August 03, 2005

Assault Socks and Assassinations: The Muddled Politics of Counter-terrorism

A poll conducted by YouGov published in The Economist, shows that 70-percent of Britons support the new "shoot-to-kill" policies put in place in the wake of the 7/7 suicide bombings, even after an unarmed Brazilian electrician was shot eight times after running from the police. The poll was conducted via an online interview of 2,873 British adults, according to Angus Reid Consultants.

The Belfast Telegraph reports—though I cannot independently confirm—that British police can not only shoot to kill suspected suicide bombers, but they could do so without identifying themselves or challenging a suspected bomber to stop. While sure to rile alarmists, the policy makes perfect tactical sense.

Undercover officers should not risk the lives of civilians by identifying themselves or asking the suspected bombers to stop, as either of these actions would result in a suicide bomber having one last chance to detonate his explosives.

While this policy is nothing less than state-supported assassination, it is the correct response. It is better to make the mistake of having three or five or even more innocent people killed in cases of mistaken identity, than letting one suicide bomber detonate on a bus or subway car and kill or wound dozens. After years of being in denial and under-responding to the threat of radical Islam, it seems that Britons have finally learned how to respond to the terrorist threat.

Or have they?

Worldnet Daily has confirmed the rumor that at least some British Police departments still don't get it, requiring police SWAT teams to remove their shoes before conducting counter-terrorism raids on British Muslim homes. The guidelines, developed before the recent terror attacks, also prevent Bedfordshire Police from interrupting Muslims at prayer during these raids. Presumably, a terrorist can "stop, drop and pray" to prevent arrest.
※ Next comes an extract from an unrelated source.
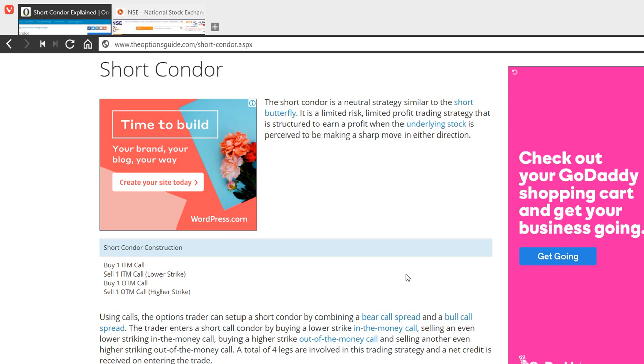It's a limited risk, limited profit trading strategy where even if there is a move in either direction you can get profits.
See if you can tell the subtle difference in treatment of a suspected suicide bomber in Britain based upon his location.

Scenario One: A flat in Luton (Pre-7/7)

If police are tipped to the location of a suspected suicide bomber who lives in Luton, they must apparently put up a sign in teh neighborhood explaining why there needs to be a raid, and then wait until after dawn before taking off their shoes and walking to the house. Once they reach the house, they will knock respectfully and announce their presence so they will not see Muslim women inappropriately dressed. After police officials verify that officers are clad in stocking feet only, and that all people inside are approropriately dressed, they may enter the home.

While in the home, they should refrain from touching anything that looks like it might in some way have any religious significance. They may not videotape the premises, nor may they enter bedrooms or bathrooms, nor may they bring in dogs trained to sniff for explosives. Officers should not interrupt any suspect until after they are done with their prayers.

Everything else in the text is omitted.